--- Work task ---
Transcribe everything in the listing below exactly, except the pictures.

%%

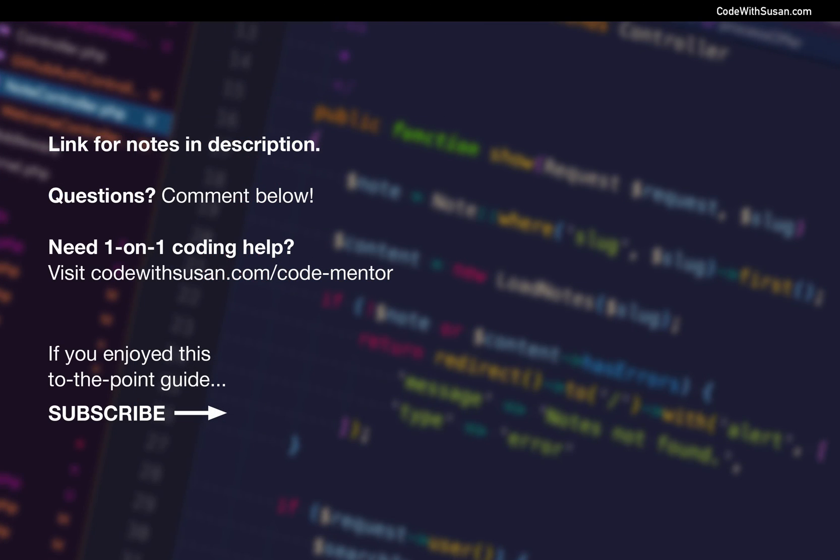So with that we now know how to set up multiple Laravel applications on the same server and access them from unique domains. If you have any questions about this process, if something didn't work on your end as I showed in the video, feel free to leave a comment below and I can help you troubleshoot.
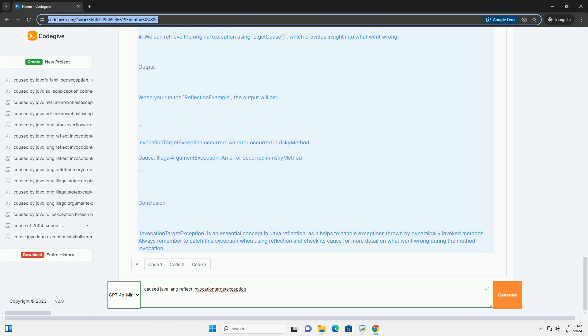2. Invocation Target Exception. This exception is part of the java.lang.reflect package and is specifically used with the method.invoke method.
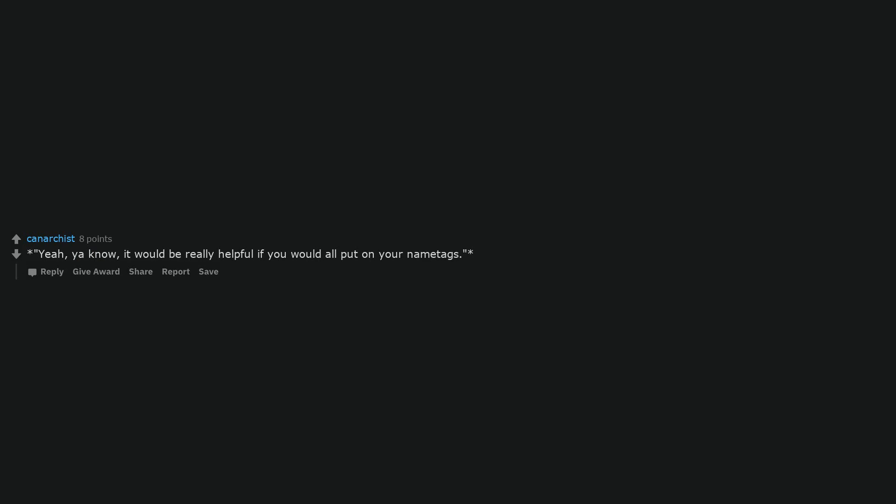Go for my first foursome. Deleted. Where you come from, all your relations are sexual. Yeah, you know, it would be really helpful if you would all put on your name tags.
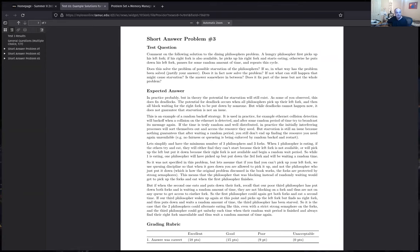I'm still having issues with the network sometimes. Let me check my audio real quickly here. Test.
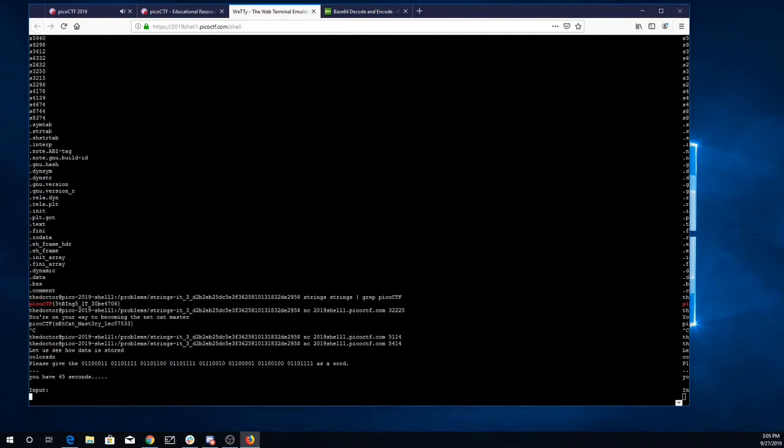Alright, it gives me as a word, it looks like it's some binary, so I'll go ahead and copy that.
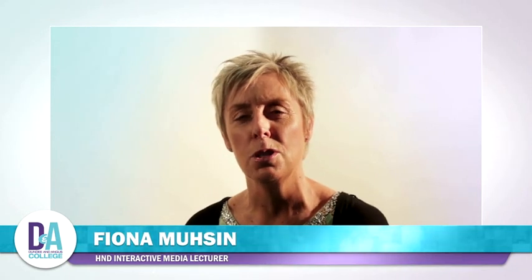Hi, my name is Fiona Moussin and I teach on the HND Interactive Media course. The course is quite unique in that it provides students with real client project-based work in both first and second year.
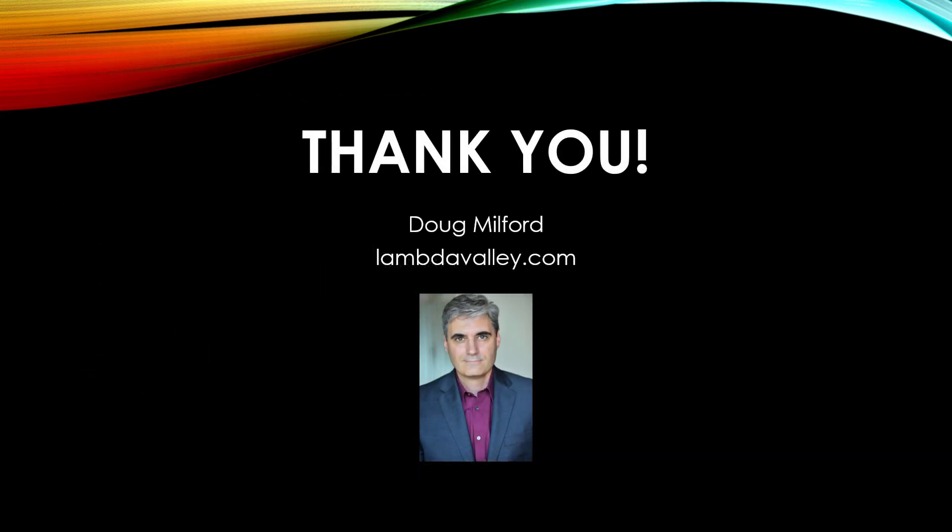Thank you for watching this video on primitives. Once again, my name is Doug Milford from Lambda Valley, and I'll see you next time.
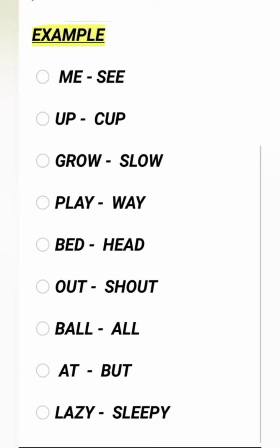First example: Me — Me. Next: C — Me and C share the same sound. Then, Up and Cup — that's how we can do it. So these are rhyming words: Me, C, Up, Cup.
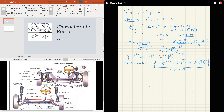Now you've seen all three cases between last video and this video. Let's try another one: 3y double prime plus 4y prime plus 9y equals zero. Again, pause the video, try it, and then resume and compare notes. The characteristic equation is 3r squared plus 4r plus 9 equals zero.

%%

--- Output of the task ---
So with that we now know how to set up multiple Laravel applications on the same server and access them from unique domains. If you have any questions about this process, if something didn't work on your end as I showed in the video, feel free to leave a comment below and I can help you troubleshoot.
2. Invocation Target Exception. This exception is part of the java.lang.reflect package and is specifically used with the method.invoke method.
Go for my first foursome. Deleted. Where you come from, all your relations are sexual. Yeah, you know, it would be really helpful if you would all put on your name tags.
I'm still having issues with the network sometimes. Let me check my audio real quickly here. Test.
Alright, it gives me as a word, it looks like it's some binary, so I'll go ahead and copy that.
Hi, my name is Fiona Moussin and I teach on the HND Interactive Media course. The course is quite unique in that it provides students with real client project-based work in both first and second year.
Thank you for watching this video on primitives. Once again, my name is Doug Milford from Lambda Valley, and I'll see you next time.
First example: Me — Me. Next: C — Me and C share the same sound. Then, Up and Cup — that's how we can do it. So these are rhyming words: Me, C, Up, Cup.
Now you've seen all three cases between last video and this video. Let's try another one: 3y double prime plus 4y prime plus 9y equals zero. Again, pause the video, try it, and then resume and compare notes. The characteristic equation is 3r squared plus 4r plus 9 equals zero.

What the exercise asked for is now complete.